**DATA FOR ANALYSIS**

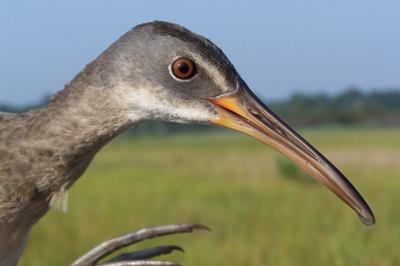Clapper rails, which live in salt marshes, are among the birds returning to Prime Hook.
...
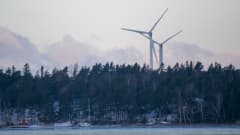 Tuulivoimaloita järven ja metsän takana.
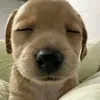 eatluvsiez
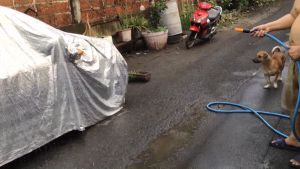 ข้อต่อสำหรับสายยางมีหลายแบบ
...
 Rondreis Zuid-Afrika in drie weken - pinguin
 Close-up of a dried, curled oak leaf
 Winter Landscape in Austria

**WHAT TO PRODUCE**
In the listing above, the lines from the one containing "Rondreis Zuid-Afrika in drie weken - pinguin" through the one containing "Winter Landscape in Austria" must be set down exactly, with no other lines.

**RESPONSE BELOW**
 Rondreis Zuid-Afrika in drie weken - pinguin
 Close-up of a dried, curled oak leaf
 Winter Landscape in Austria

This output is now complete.